:: Stored data

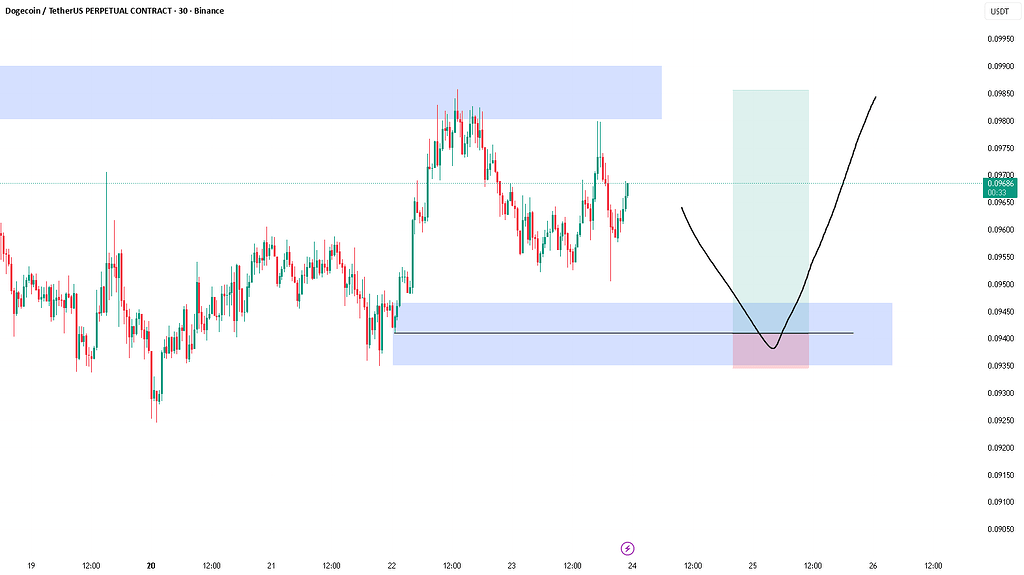 دوج کوین و احتمال کاتالیست بزرگ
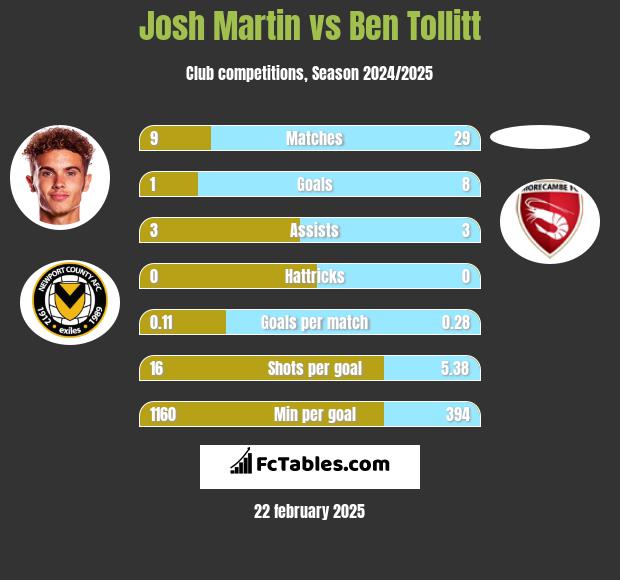 Josh Martin vs Ben Tollitt h2h player stats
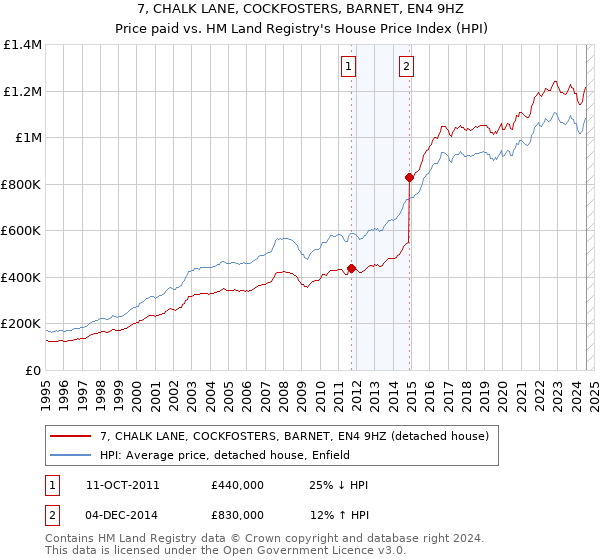 7, CHALK LANE, COCKFOSTERS, BARNET, EN4 9HZ: Price paid vs HM Land Registry's House Price Index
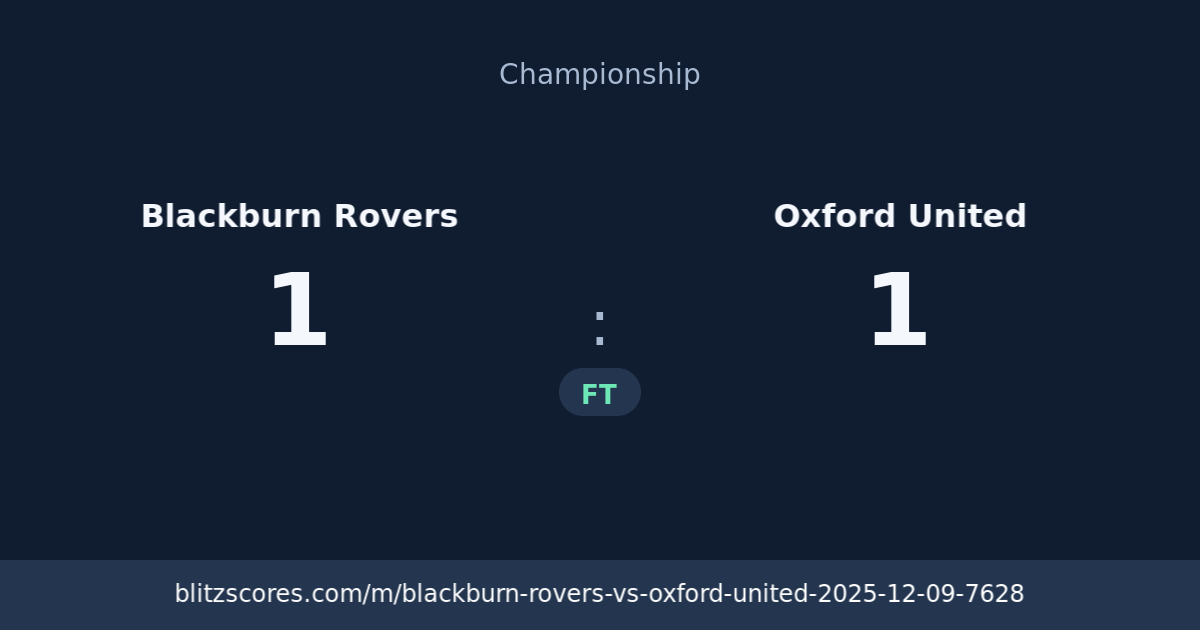 Blackburn Rovers vs Oxford United score card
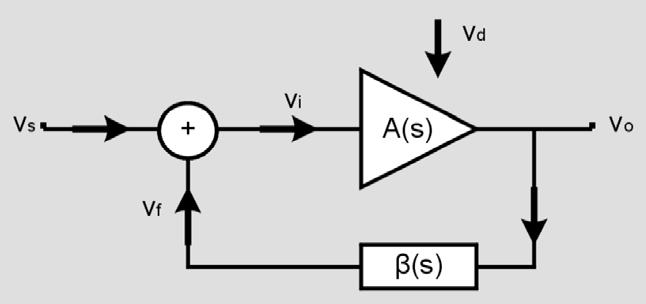 Η γραμμικότητα ενός ενισχυτή προσδιορίζεται από τη χαρακτηριστική μεταφοράς του η οποία εκφράζει τη σχέση εισόδου-εξόδου.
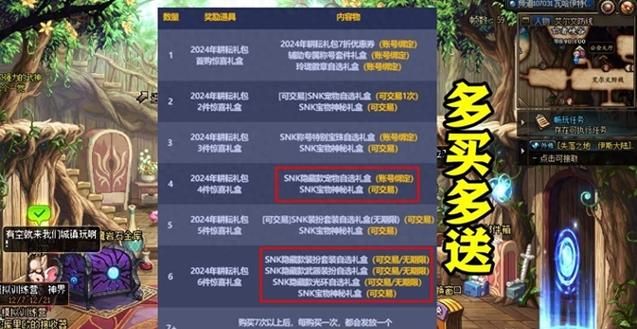DNF五一套多买多送奖励汇总：拍卖行陷阱及购买技巧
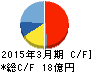 ケル キャッシュフロー計算書 2015年3月期 ケル キャッシュフロー計算書 2015年3月期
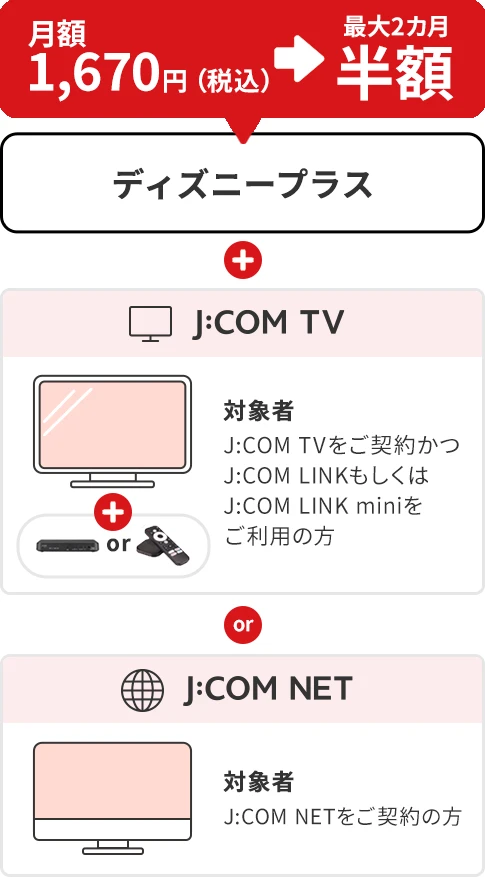 月額1,670円(税込)が最大2カ月半額 ディズニープラス　J:COM TV 対象者 J:COM TVをご契約かつJ:COM LINKもしくはJ:COM LINK miniをご利用の方　J:COM NET 対象者 J:COM NETをご契約の方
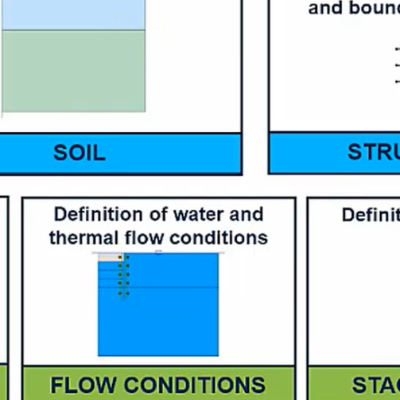 Geotechnical application using 2D Software (Arabic)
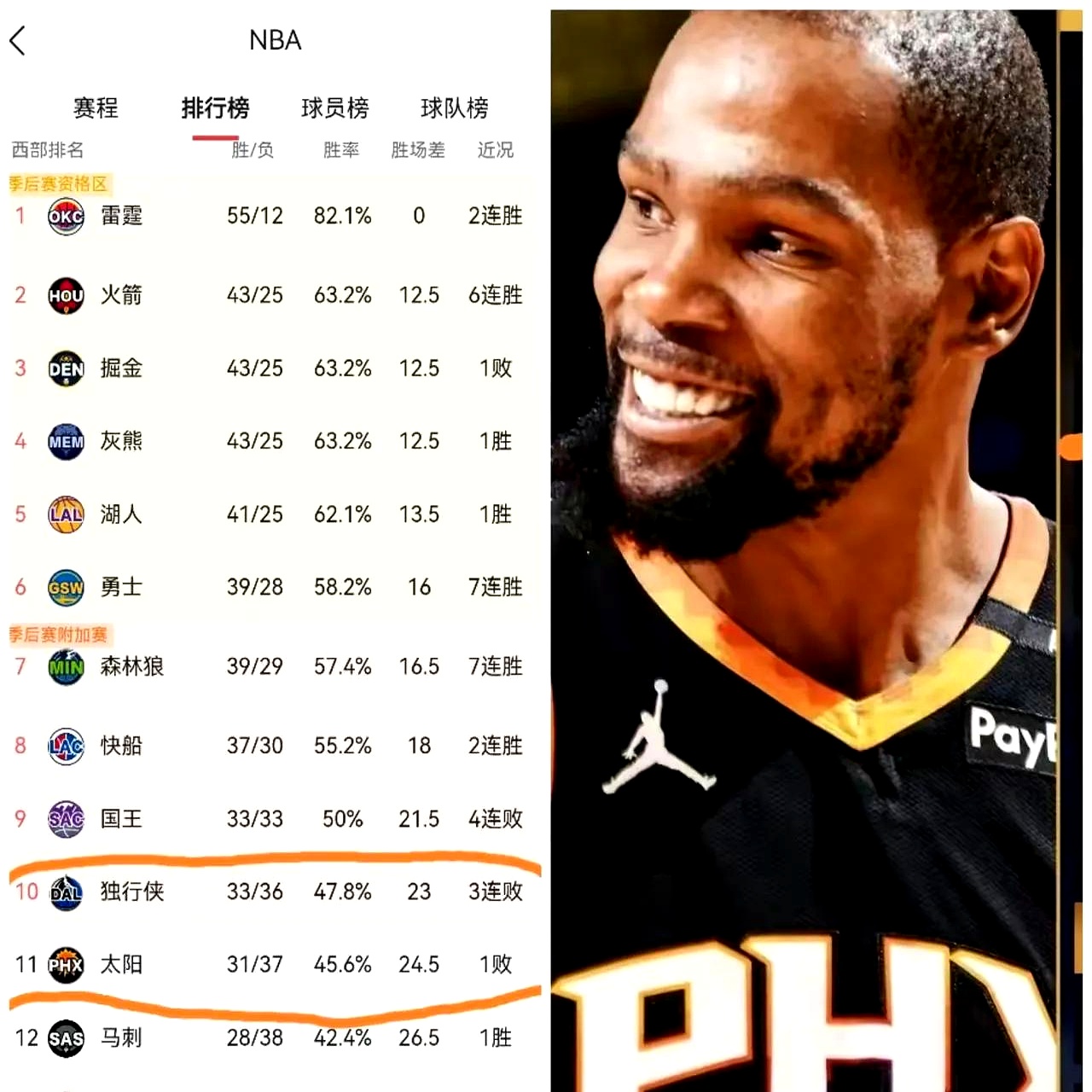 杜兰特愿联手阿德托昆博，雄鹿太阳交易方案曝光，三首轮签打包库兹马的简单介绍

::::

▸ **To do**:
Print the material above word for word, first line through the line with "ケル キャッシュフロー計算書 2015年3月期 ケル", and leave every picture out.

▸ **Answer below**:
 دوج کوین و احتمال کاتالیست بزرگ
 Josh Martin vs Ben Tollitt h2h player stats
 7, CHALK LANE, COCKFOSTERS, BARNET, EN4 9HZ: Price paid vs HM Land Registry's House Price Index
 Blackburn Rovers vs Oxford United score card
 Η γραμμικότητα ενός ενισχυτή προσδιορίζεται από τη χαρακτηριστική μεταφοράς του η οποία εκφράζει τη σχέση εισόδου-εξόδου.
DNF五一套多买多送奖励汇总：拍卖行陷阱及购买技巧
 ケル キャッシュフロー計算書 2015年3月期 ケル キャッシュフロー計算書 2015年3月期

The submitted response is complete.